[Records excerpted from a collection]
════════════════

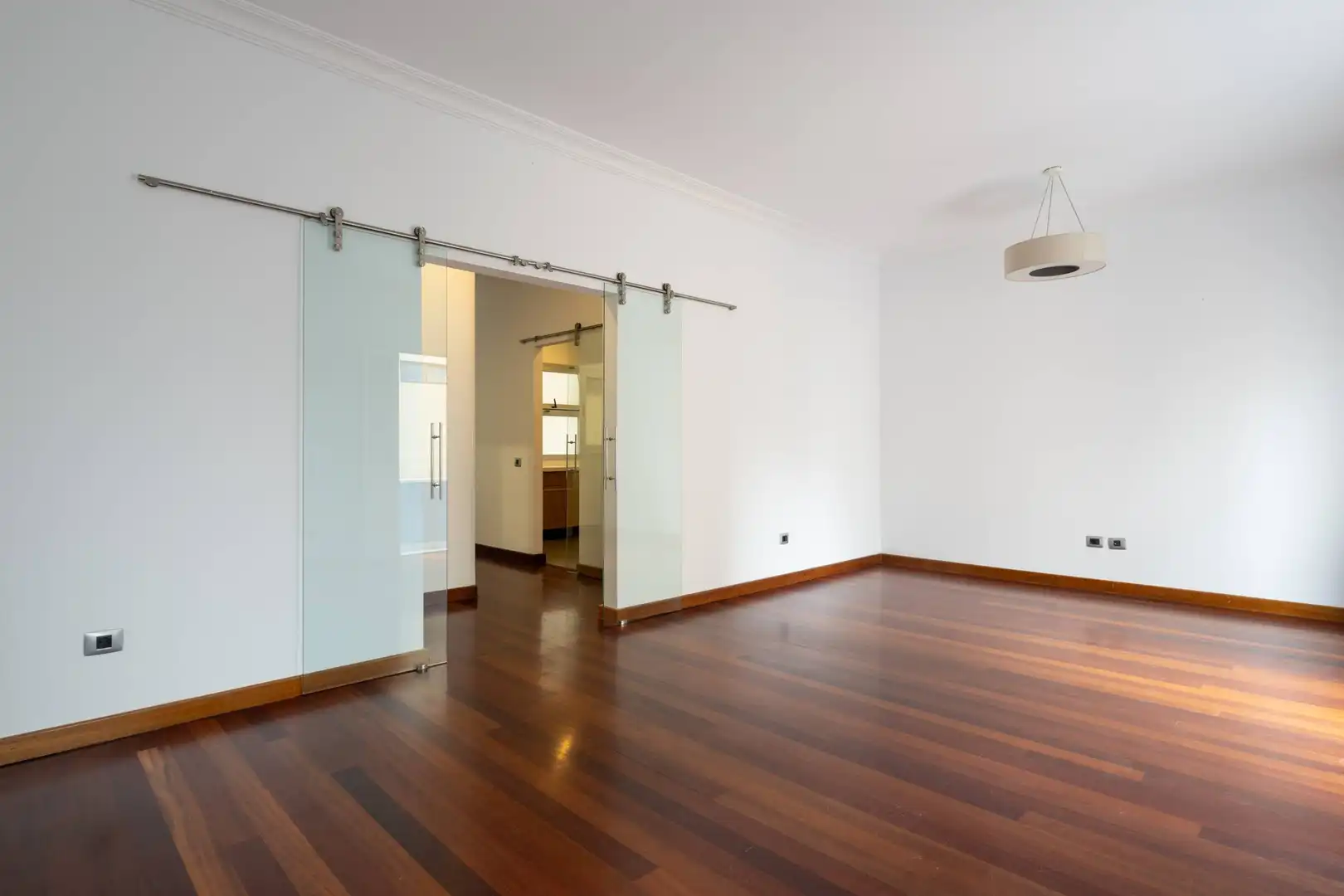 Wohnung zum Verkauf in Las Palmas de Gran Canaria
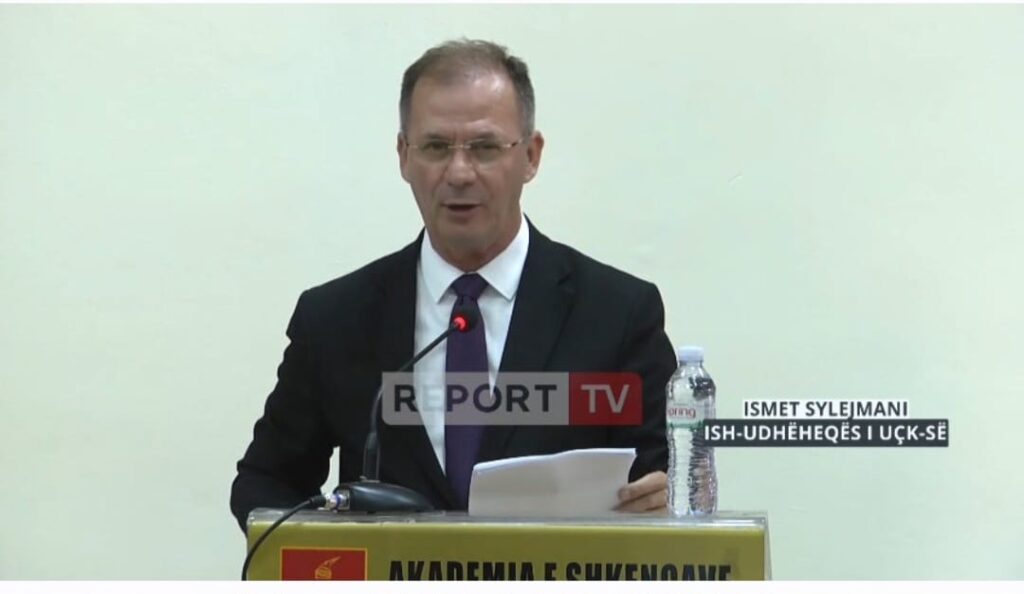 NË MBROJTJE TË SË VËRTETËS HISTORIKE PËR MASAKRËN E TIVARIT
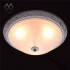 Потолочный светильник MW-Light Ариадна 12 450013703 - изображение 4 Потолочный светильник MW-Light Ариадна 12 450013703 - изображение 4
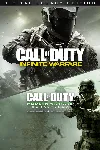 Call of Duty®: Infinite Warfare - Digital Legacy Edition | XBOX | На любой аккаунт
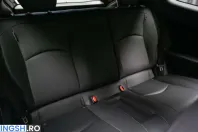 Toyota Yaris din 2021 cu 30.980 km - oferta TOY233436 - foto 39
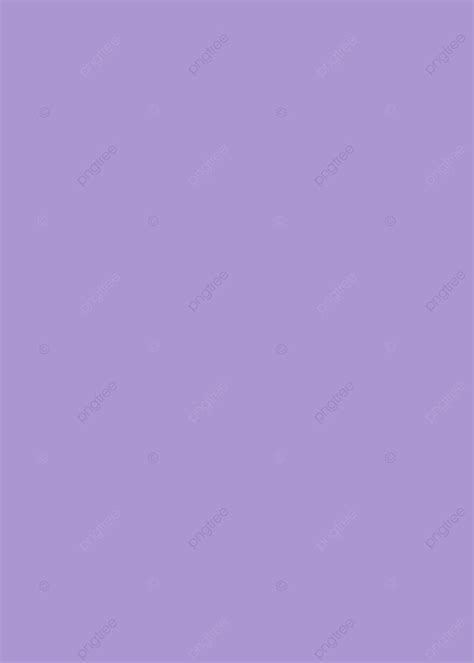 Pure Color Background Purple Simple Wallpaper Image For Free Download - Pngtree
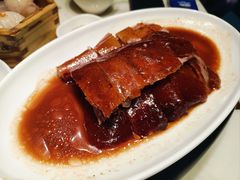 -陶陶居酒家(环市东店)
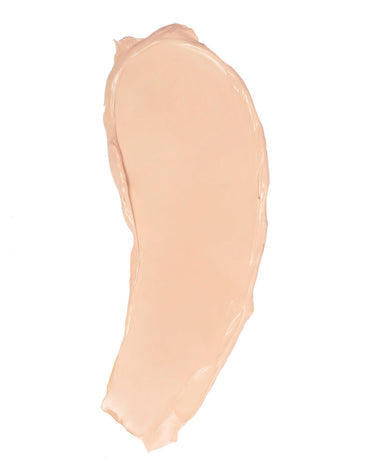 Pastel Show Your Freshness Skin Tint Foundation Shade 502 Beige Rose, 30 mL - Image 2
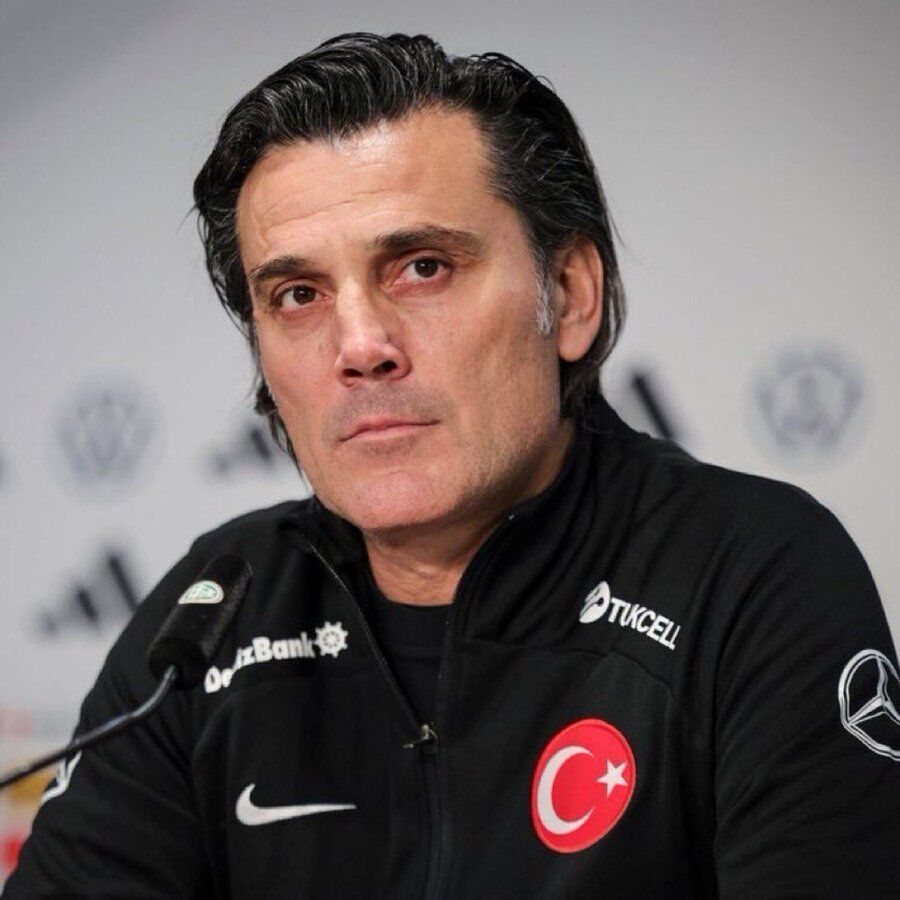 Montella-15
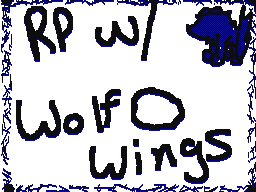 Flipnote by FireMaster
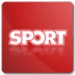 SPORT.es Android-appikon APK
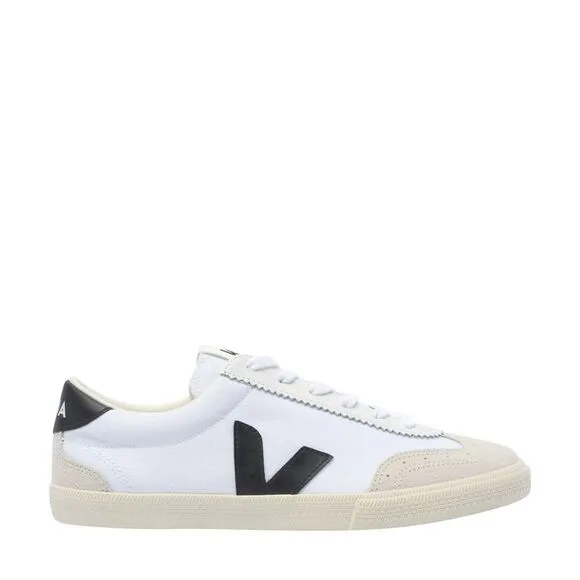 Veja Men Volley Sneakers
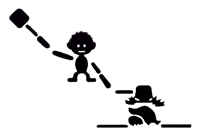 Sticker 490 Vermin.png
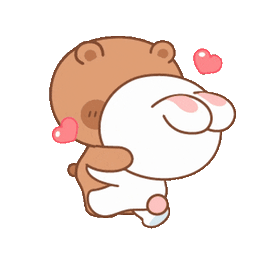 Sticker pack cover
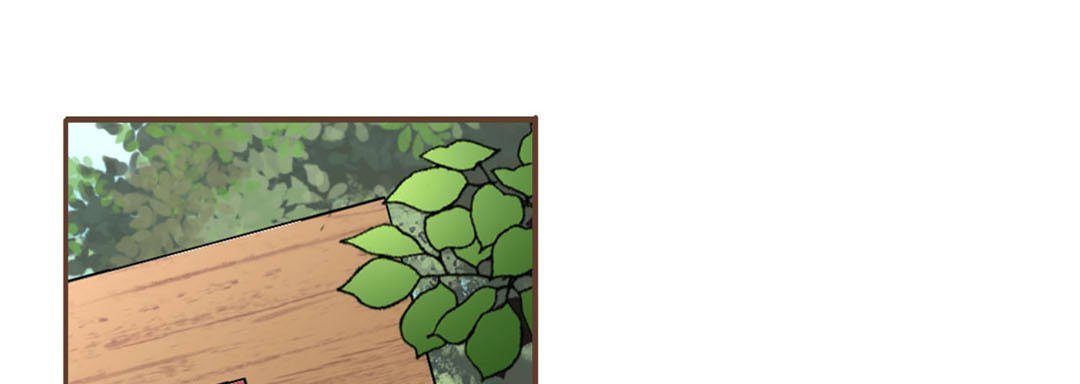 Read His House chapter 7 image 64 on Lezhin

════════════════

_What the task asks:_ Output the line that contains "SPORT.es Android-appikon APK" and every line after it to the end of the records, word for word, leaving out the pictures.

_Result for this exercise:_
 SPORT.es Android-appikon APK
 Veja Men Volley Sneakers
 Sticker 490 Vermin.png
 Sticker pack cover
 Read His House chapter 7 image 64 on Lezhin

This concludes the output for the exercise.